In this article, we will be taking a look at etrace with an overview of the basic functionality of etrace, and highlight its usage through several representative examples.
Etrace at a glance
Etrace is a generic tracing application, useful for three broad measurement and debugging purposes:
- How much time it takes for an application to display a (graphical/UI) window on a screen.
- The sequence of tasks created and executed by the main program during its runtime.
- The list of files accessed during a program’s execution.
These metrics can be used to debug potential problems in snaps, understand what a snap is trying to do, or find performance bottlenecks in a snap. Of course, it also works with native Linux packages or any executable program as well, albeit with slightly reduced out of the box functionality – it doesn’t reinstall the native package for example – but can still trace the application and measure how long it takes to display a window.
Basic usage
Etrace is available as a snap – first we have to install it. Because etrace is used to run arbitrary programs, including other snaps and even traditional linux packages, it needs system-wide permissions via classic confinement, which can be accepted by using the –classic flag when running the below command. To install etrace:
snap install etrace --candidate --classic
Note that currently, etrace only works with X11 systems.
The first use case of etrace is to measure how long it takes for a graphical snap application to display a window on a screen. We included this functionality in etrace partly because there were not any sufficiently effective tools or options to achieve this available out there. With etrace, it is very easy to do this.

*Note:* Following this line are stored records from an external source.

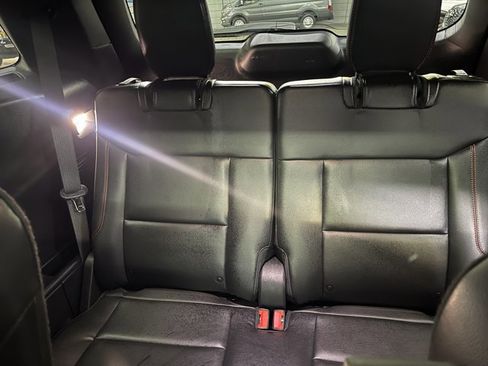 Certified 2022 Ford Explorer ST-Line image 18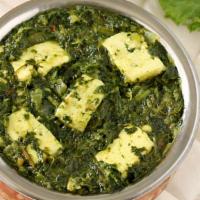 Saag Paneer Saagwala · Homemade cheese with spinach and ground spices.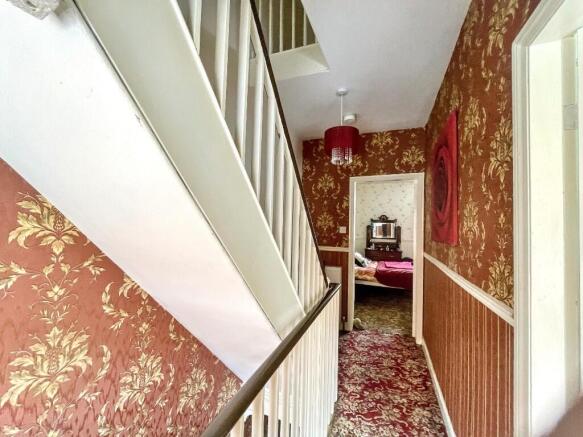 3 bed Terraced for sale Image 4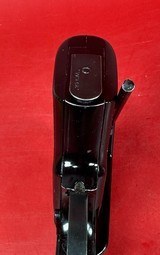Beretta Model 20 25ACP Tip Up Barrel. Excellent condition. Rare Collectors - 6 of 12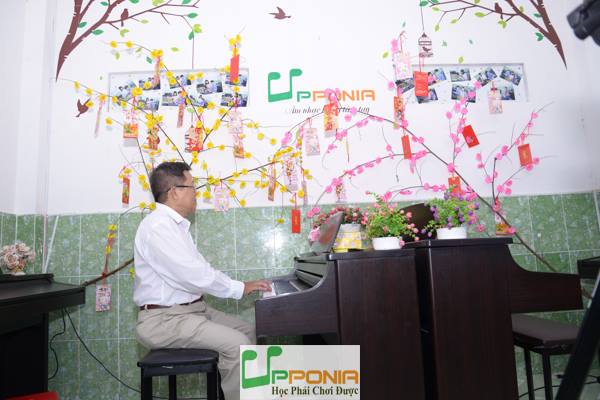 Chú Văn - Lớp học piano người lớn tại Trung Tâm Âm Nhạc Upponia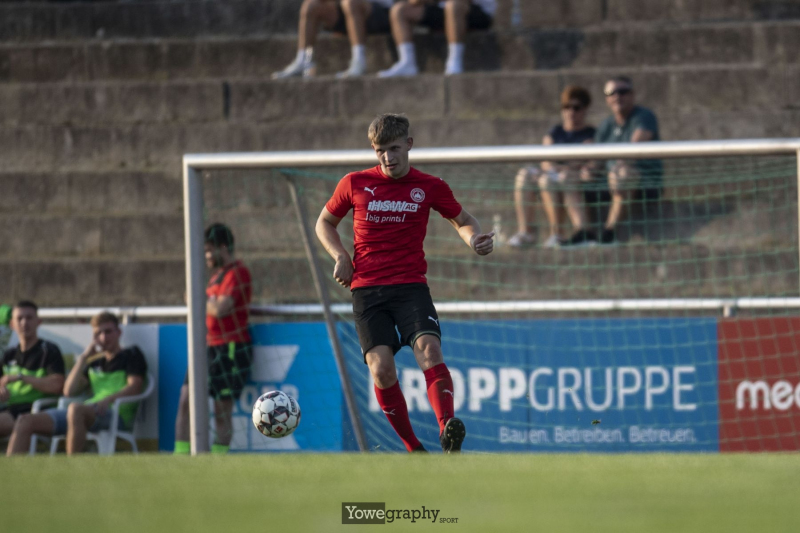 67_Yowe_Jonas_Wenzel__YOW1104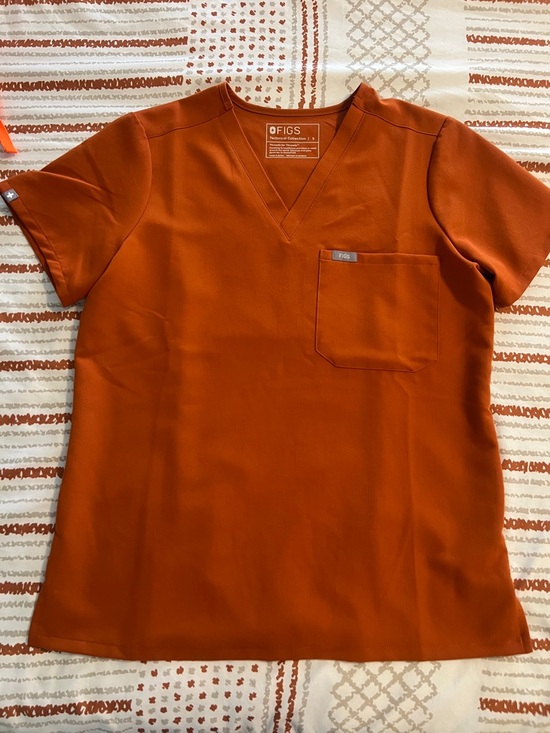Figs Other - FIGS V-Neck Scrub Top / joggers in Rust Orange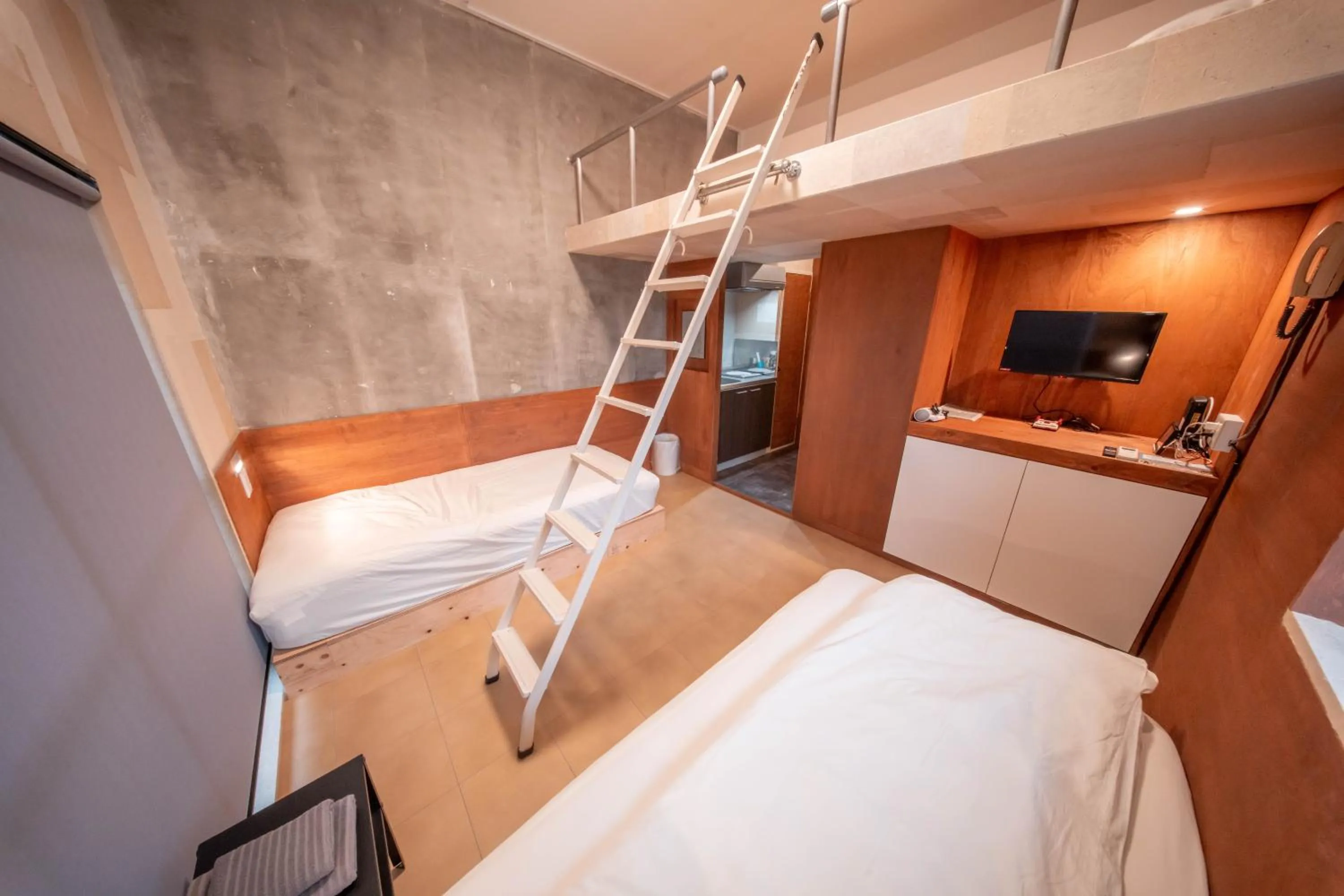 Bed in Plusone Fujisaki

Let’s start out with a simple snap, gnome-calculator, and run it in a loop 10 times to see how much time this execution takes. Please note you need to have gnome-calculator installed – snap install gnome-calculator. Here we use the –no-trace option because we don’t want the full tracing stack, we just want etrace to measure how long it takes to launch – we will get into the full tracing capabilities later on.
$ etrace --repeat=10 exec --use-snap-run --no-trace gnome-calculator --cmd-stderr=/dev/null
Total startup time: 1.531152957s
Total startup time: 513.948576ms
Total startup time: 512.980061ms
Total startup time: 515.576753ms
Total startup time: 508.354472ms
Total startup time: 515.734329ms
Total startup time: 508.414271ms
Total startup time: 514.258788ms
Total startup time: 508.407346ms
Total startup time: 511.950964ms
When you run this command, you should see the gnome-calculator window show up very briefly 10 times. If this is the first time you have run gnome-calculator on this boot, it may be slower for reasons we explain in another blog post. The numbers shown indicate elapsed time it takes for the application to display a window. For non-graphical applications, it will be the time it takes before the application exits by itself.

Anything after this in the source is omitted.